It’s hard for many young people to imagine life without their smartphones, apps, and internet service. But before the mid-20th century, people did just fine without all the excess technology. If you wanted to communicate with loved ones or friends, you called or visited them in person in decades past. Handwritten letters were also popular and even taught as part of proper etiquette. For the kids who were bored back then, they used their creativity to entertain themselves. They played board games, went for long walks, played at the park, or read good books. Here is more information on a time when we didn’t have the Internet and why that was a good thing.
We Used Maps, Phonebooks, and Help From Others to Get Around
It is a little sad that today’s youth may not know how to understand maps, atlases, and phonebooks. But in decades past, this is how people learned how to find places that they were unfamiliar with. Or they may have pulled over at a gas station to ask others how to locate certain places if they got lost. Also in decades past, you had to write addresses, names, and phone numbers in a small book that you kept on hand. This enabled you to use your common sense more and it taught you to follow directions carefully.
Libraries Were The Main Sources of Research
Before you could find out anything on the Internet, there was a time when you had to visit the library to obtain the information you needed. You read encyclopedias, non-fiction books, old newspaper articles, journals, and magazines to gather research. It took more effort to find out facts in those days.
You Learned About The Latest Music From Radio
A long time ago, the only way you learned about the latest happenings in music was by listening to the radio. If you wanted free tickets to a concert, you would have to be the first or second caller to obtain them. When you listened to the radio, you heard fun interviews from your favorite artists and you could even record those interviews with blank cassette tapes.
Relationships Were More Meaningful
Nowadays, you can press some buttons and establish so-called relationships due to social media and online dating sites. But decades ago, people created relationships in more meaningful ways. Maybe you went to church with your neighbors and through real face-to-face interaction, all of you became friends. As a child, you learned proper conflict resolution strategies such as apologizing, extending forgiveness, not putting the other person down during disagreements, and working issues out calmly. Manners went a long way back then, and people exhibited more respect and empathy for each other.

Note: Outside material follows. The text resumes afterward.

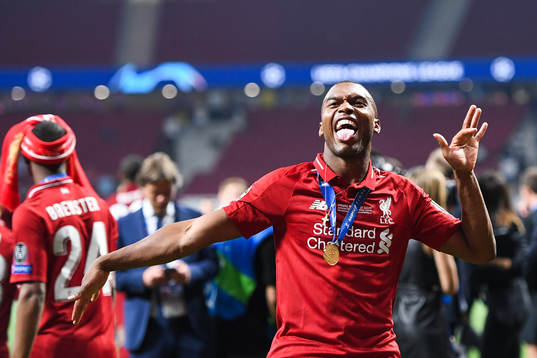Daniel Sturridge of Liverpool celebrate with the trophy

Basic Life Skills Were Commonplace
Before the digital era, everyone possessed important basic life skills. These skills included sewing, how to prepare nutritious meals from scratch, knowing how to make minor home repairs, growing veggies, and fruits, knowing how to repair minor car problems, and how to manage money without relying on apps and finance blogs. Now there is a concern that future generations may not have those same skills or at least with the same capabilities as their grandparents from generations ago.
In conclusion, life was simpler in the days before the Internet and gadgets arrived on the scene. What would happen if we learned a few lessons from the past and incorporate them into our modern world? Maybe we might be happier, more self-sufficient, and even better spouses, friends, parents, and employees.